Ein Aufreger-Thema im Gemeinderat: Heizpilze. Foto: Rumpenhorst

Wirte dürfen Außenterrassen beheizen. Schwere Entscheidung für Stadt im Klimanotstand.

Villingen-Schwenningen - Die doppelstädtischen Wirte dürfen im Corona-Herbst und -Winter zeitlich befristet Heizpilze aufstellen, um länger draußen bewirten zu können. Doch bevor der Gemeinderat Villingen-Schwenningen dafür grünes Licht gegeben hat, sah mancher Stadtrat rot.

Allen anderen voran die Grünen-Kommunalpolitikerin Ulrike Salat. Sie schlug die Hände über dem Kopf zusammen: "Uns macht das ein bisschen sprachlos", ja, räumte sie ein, "wir sind in der Coronakrise – aber wir haben auch eine Klimakrise". Man möge doch, bitteschön, andere Möglichkeiten suchen, um den krisengebeutelten Gastronomen zu helfen.

Betriebsschließungen verhindern

Hatte CDU-Fraktionssprecher Klaus Martin eingangs betont, den entsprechenden Antrag der FDP schon alleine deshalb unterstützen zu wollen, weil die Wirte im Coronajahr 2020 ein hartes Los haben, ging FDP-Stadtrat Marcel Klinge noch weiter: "In welcher Stadt wollen wir eigentlich leben? In einer, in der nichts mehr läuft und wo es keine Gastronomie mehr gibt?" Fachleute der Gastro-Branche hätten ihm bestätigt: "Jede Woche, die wir der Außenwoche ermöglichen können, ist eine Woche", die mögliche Betriebsschließungen verhindern könne.

Die Not der Gastronomen sah zwar auch SPD-Sprecher Edgar Schurr, allerdings wogen für ihn die klimaschädlichen Einflüsse der Heizstrahler weitaus schwerer – das Genehmigen der Heizpilze sei "reiner Aktionismus", und das in einer Stadt, die unlängst den Klimanotstand ausgerufen habe. Der Nutzen stehe in keinem Verhältnis zum Umweltschaden einer Technik, die anmute, als entstamme sie der Steinzeit. Auch ein Vertreter der Familie Schurr, allerdings der Nachwuchs mit Vornamen Nicola, brach hingegen in seinem Statement eine Lanze für die Heizpilze und betonte, auch wenn er dafür "von der eigenen Fraktion oder von den Grünen eine auf den Deckel" bekomme, er könne mit der Genehmigung der Heizpilze mitgehen – das tat er am Ende aber nur mit einer Enthaltung, nicht mit einer Zustimmung zum Antrag der FDP.

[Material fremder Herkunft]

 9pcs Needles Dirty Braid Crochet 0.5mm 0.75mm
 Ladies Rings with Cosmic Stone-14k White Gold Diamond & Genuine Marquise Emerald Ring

Verbot bis Ende Oktober 2021 ausgesetzt

Martin Rothweiler (AfD) warf Rot-Grün im Gemeinderat der Doppelstadt eine Doppelmoral vor und heizte die ohnehin schon aufgeladene Debatte zusätzlich an, in dem er SPD und Grünen vorwarf, scheinheilig für den Klimaschutz zu argumentieren, während eigene Funktionäre aus der Region mit Motorbooten über den Bodensee brausten oder ein Ferienhaus in den Vogesen vorhielten. Die Heizpilze seien keineswegs so schlimm wie befürchtet – "die werden nicht 24 Stunden am Stück feuern, es wird keine große Hitze ausbrechen", fand er.

"Geht es um die Parteipolitik oder um die Menschen und Unternehmen in der Stadt, die eventuell auch Sie gewählt haben?", stellte der Vertreter des Jugendgemeinderates eine kritische Frage in den Raum. Für ihn stand außer Frage: Heizpilze könnten helfen, dass beim einen oder anderen geplagten Wirt in Villingen-Schwenningen am Ende dieses Corona-Jahres der Ofen nicht aus ist.

Das Gros des Gremiums sah das offenbar genauso – bei 22 Ja-Stimmen, zehn Nein-Stimmen und drei Enthaltungen wurde am Mittwochabend beschlossen, das einst beschlossene Verbot der Heizpilze in der Außengastronomie bis Ende Oktober 2021 zeitlich befristet auszusetzen.